### Work required:
Would you return the data exactly as given, except for its pictures?

### Data excerpt:
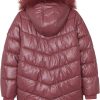 Juicy Couture Girls Coat, Faux Fur Hooded Winter Jacket, Warm Padded Parka Hoodie, Kids Heavyweight Winter Coat girls who invest
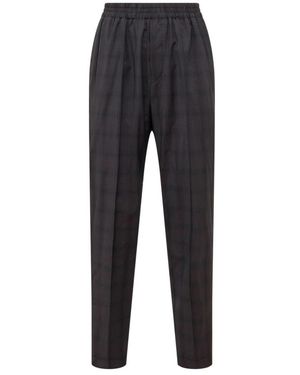 Isabel Marant Slim-Fit Trousers - Black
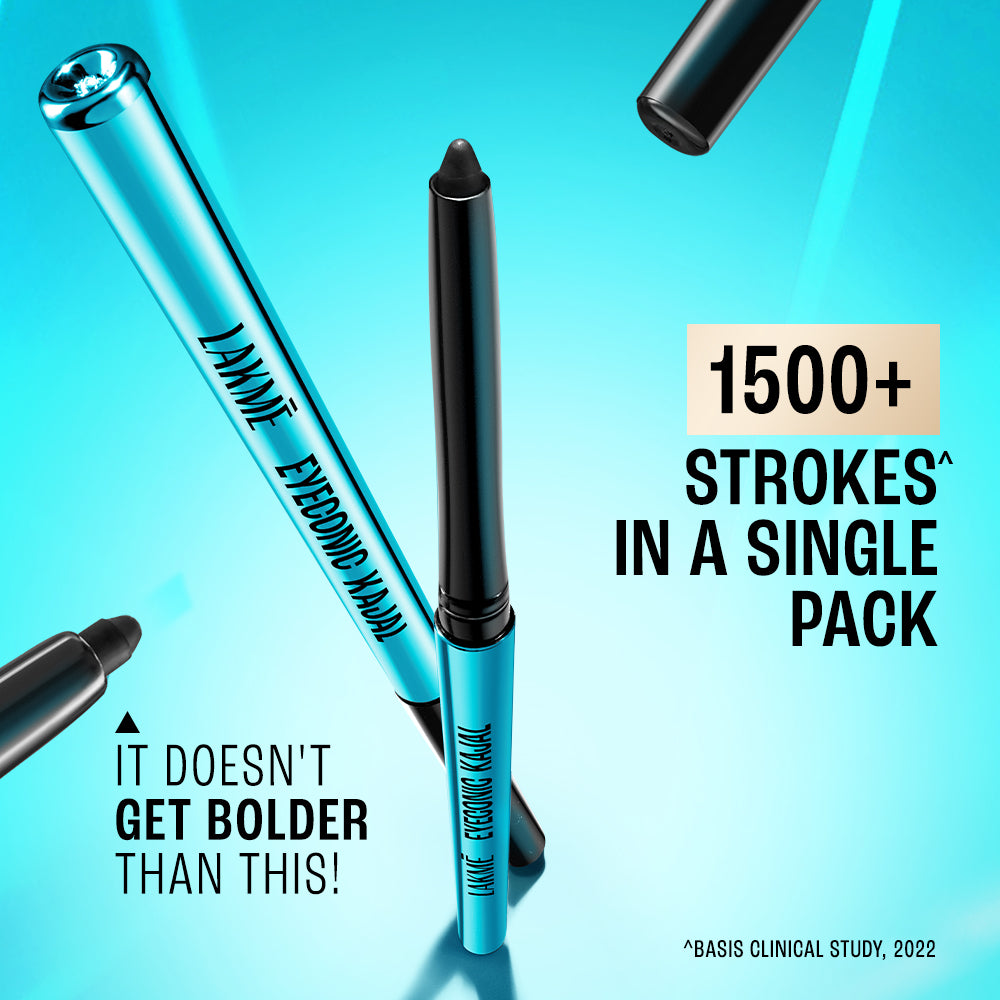 Lakmē 9 to 5 Eyeconic Kajal Twin Pack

### Written solution:
 Juicy Couture Girls Coat, Faux Fur Hooded Winter Jacket, Warm Padded Parka Hoodie, Kids Heavyweight Winter Coat girls who invest
 Isabel Marant Slim-Fit Trousers - Black
 Lakmē 9 to 5 Eyeconic Kajal Twin Pack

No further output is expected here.